You say, which candidate has media appeal? Not which candidate is good for you, but which one is like a movie star, has media appeal. And you go out and vote for that candidate, many of you, or you don't vote at all, because you're disgusted with them all. And see what you get. See the result you get.
So the issue today--we have a growth of racism in the United States, we have a propensity to kill, in police forces and among Governors such as George W. and Jeb Bush, or Gilmore of Virginia, we have a cruel disregard for humanity, which is growing--all in the name of shareholder values. And the 80% of our families are suffering, our nation is suffering, as a result of this. And what do you do? You sit back, and you either don't vote, or you vote for a mass-media-approved candidate. You vote on issues which are dictated by the mass media. What about your interests? What about the interests of your neighbor? What about the interests of 80% of the families of this country, whose conditions of life are becoming progressively worse, more insecure?

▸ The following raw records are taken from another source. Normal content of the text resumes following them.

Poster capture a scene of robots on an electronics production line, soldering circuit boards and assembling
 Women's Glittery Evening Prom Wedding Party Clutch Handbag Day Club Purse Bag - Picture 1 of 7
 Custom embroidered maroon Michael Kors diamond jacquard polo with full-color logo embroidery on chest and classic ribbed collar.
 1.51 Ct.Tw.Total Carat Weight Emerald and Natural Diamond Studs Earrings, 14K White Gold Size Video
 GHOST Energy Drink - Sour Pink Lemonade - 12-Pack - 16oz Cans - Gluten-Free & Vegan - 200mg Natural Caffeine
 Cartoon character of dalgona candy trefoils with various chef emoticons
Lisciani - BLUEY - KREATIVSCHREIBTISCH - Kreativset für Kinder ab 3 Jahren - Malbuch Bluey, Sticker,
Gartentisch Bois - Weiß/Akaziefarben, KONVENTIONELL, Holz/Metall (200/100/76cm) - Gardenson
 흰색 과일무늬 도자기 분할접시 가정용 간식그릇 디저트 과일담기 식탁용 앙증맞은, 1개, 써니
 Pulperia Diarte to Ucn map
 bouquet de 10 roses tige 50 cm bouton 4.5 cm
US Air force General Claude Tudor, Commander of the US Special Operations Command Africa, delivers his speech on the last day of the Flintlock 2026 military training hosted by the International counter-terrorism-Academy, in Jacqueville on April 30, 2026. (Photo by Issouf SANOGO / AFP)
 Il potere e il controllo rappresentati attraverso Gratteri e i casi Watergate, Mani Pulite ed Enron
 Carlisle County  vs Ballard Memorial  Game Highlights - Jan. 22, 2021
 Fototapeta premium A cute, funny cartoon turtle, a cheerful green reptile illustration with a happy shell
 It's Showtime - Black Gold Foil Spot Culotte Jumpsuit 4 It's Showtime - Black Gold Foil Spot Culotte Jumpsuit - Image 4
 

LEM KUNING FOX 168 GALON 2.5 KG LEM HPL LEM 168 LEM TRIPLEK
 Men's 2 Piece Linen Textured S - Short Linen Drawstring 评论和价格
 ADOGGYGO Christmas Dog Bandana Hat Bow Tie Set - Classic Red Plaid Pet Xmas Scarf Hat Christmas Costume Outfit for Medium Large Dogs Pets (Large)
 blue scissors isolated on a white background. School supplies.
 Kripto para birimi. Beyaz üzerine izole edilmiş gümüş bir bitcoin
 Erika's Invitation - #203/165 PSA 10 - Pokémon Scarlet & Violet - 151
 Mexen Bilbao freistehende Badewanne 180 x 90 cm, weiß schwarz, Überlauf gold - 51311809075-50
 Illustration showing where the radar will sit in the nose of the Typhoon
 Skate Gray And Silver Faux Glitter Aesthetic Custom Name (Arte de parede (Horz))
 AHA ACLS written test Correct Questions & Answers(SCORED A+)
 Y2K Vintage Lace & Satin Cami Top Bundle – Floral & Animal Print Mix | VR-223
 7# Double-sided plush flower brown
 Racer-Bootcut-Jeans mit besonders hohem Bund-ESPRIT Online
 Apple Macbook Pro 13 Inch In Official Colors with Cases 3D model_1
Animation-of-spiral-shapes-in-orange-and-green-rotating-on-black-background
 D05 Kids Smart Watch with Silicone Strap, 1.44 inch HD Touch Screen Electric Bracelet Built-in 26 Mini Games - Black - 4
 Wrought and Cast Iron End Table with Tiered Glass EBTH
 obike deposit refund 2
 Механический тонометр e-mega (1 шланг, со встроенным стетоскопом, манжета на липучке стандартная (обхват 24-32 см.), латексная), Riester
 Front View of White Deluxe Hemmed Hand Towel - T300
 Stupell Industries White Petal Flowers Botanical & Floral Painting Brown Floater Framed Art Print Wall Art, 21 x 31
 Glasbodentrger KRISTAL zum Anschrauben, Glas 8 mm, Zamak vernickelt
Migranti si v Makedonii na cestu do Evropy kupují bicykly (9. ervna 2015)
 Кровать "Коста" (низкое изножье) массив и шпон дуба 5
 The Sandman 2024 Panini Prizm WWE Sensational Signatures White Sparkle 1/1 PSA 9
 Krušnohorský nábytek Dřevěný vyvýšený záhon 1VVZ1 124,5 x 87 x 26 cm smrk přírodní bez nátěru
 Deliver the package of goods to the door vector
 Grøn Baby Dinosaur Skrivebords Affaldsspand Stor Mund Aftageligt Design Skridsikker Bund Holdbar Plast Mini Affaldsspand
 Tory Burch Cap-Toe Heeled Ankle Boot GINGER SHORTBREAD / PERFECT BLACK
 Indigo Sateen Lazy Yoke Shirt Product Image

Who do you vote for? Why don't you guys get together, you who typify the so-called lower 80% of family income? Instead of talking about my constituency interest, or this little interest here or there, why don't you say, what about the General Welfare? Let's get together and agree, that if we elect political leaders who are committed to the principle of the General Welfare, and regard the General Welfare as the standard by which the legitimacy of government is determined, and we elect people who will vote that way, act that way in government, then we have the kind of government which represents us, and our posterity.
That really is what this campaign is about. I'm the best candidate for President that exists. No one else even matches my qualifications for this kind of job, at this time, under these conditions. But, although I have the best answers, there's nothing I can do for you, unless you're willing to do something for yourself. Get out and vote. Build a coalition, a coalition committed to the General Welfare, especially of the lower 80% of the family-income brackets--senior citizens, people in labor, African-Americans, Hispanic-Americans, Arab-Americans, Asian-Americans--get together. Vote your interests. That's what I represent.
This time, when you go to the polls--and you should go to the polls--vote Christian, or vote Jewish, or vote Muslim. Just please, don't vote for the lions.